Several prominent voices, including Republican senator Marco Rubio and veteran diplomat Richard Haass, have already called on the US to revoke Hong Kong’s special status. Such a move would be “less about punishing China and more about being honest about the unavoidable consequences of Hong Kong no longer being different from the rest of China, if that becomes the case,” said Patrick Chovanec, an advisor at Silvercrest Asset Management and an expert on the Chinese economy.
China has threatened the US with countermeasures if Washington decides to punish Beijing for its plans to enact the national security law, saying other countries have no right to interfere with Hong Kong’s internal affairs. Some Hong Kong politicians, including the pro-Beijing lawmaker Regina Ip, have tried to dismiss the prospect of US sanctions by saying they wouldn’t affect the local economy very much. Daniel Fung, a Hong Kong barrister and a national delegate to the Chinese People’s Political Consultative Conference, said“it’s premature to talk about revocation of status or to elevate this to the level of an iconic crisis.”

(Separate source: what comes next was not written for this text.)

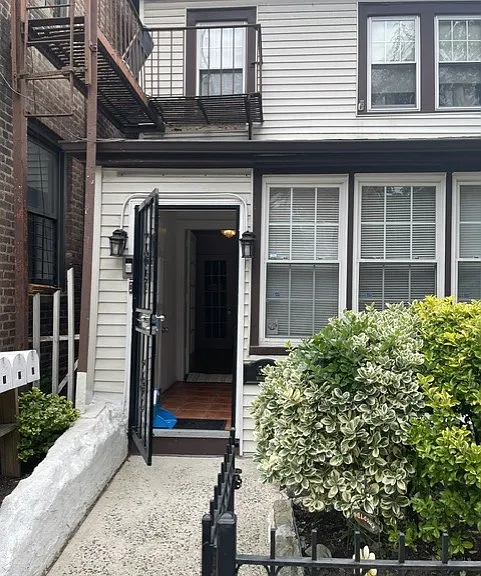 3658 Waldo Ave #1 — Photo 1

Others think the US is bluffing. “Last I checked, the US is enjoying a $31 billion trade surplus [in merchandise trade] with Hong Kong, so any serious disruption such as the revocation of trade status will harm the US more,” said Songnian Chen, a professor of economics at the Hong Kong University of Science and Technology. Though Hong Kong would be badly hurt if it were to lose its special status, he added, China would just come out stronger. “As long as there are profits [in China] to be made, capital is a lot smarter than politicians and opinion leaders, and will find its way there.”
That might be an optimistic outlook, given that Hong Kong continues to be an important part of China’s economy. While the size of Hong Kong’s economy is equivalent to less than 3% of that of China’s, its unique legal and financial systems means it plays an outsize role in attracting international capital to China. More than 60% of all foreign direct investment in China was channelled through Hong Kong as of 2018, according to China’s national statistics. The city is also a big depository of assets, with Chinese banks holding more assets in Hong Kong than lenders from any other region, according to data from the Hong Kong Monetary Authority.
Any sudden disruption to this set-up could unleash unpredictable ripple effects across China’s financial system. But Chovanec pointed out that even without the US imposing sanctions, China’s undermining of Hong Kong’s autonomy is already enough to destroy global confidence in the city’s legal and financial systems. “Beijing is killing the goose that lays the golden eggs,” he said. “Its own goose, not a US goose.”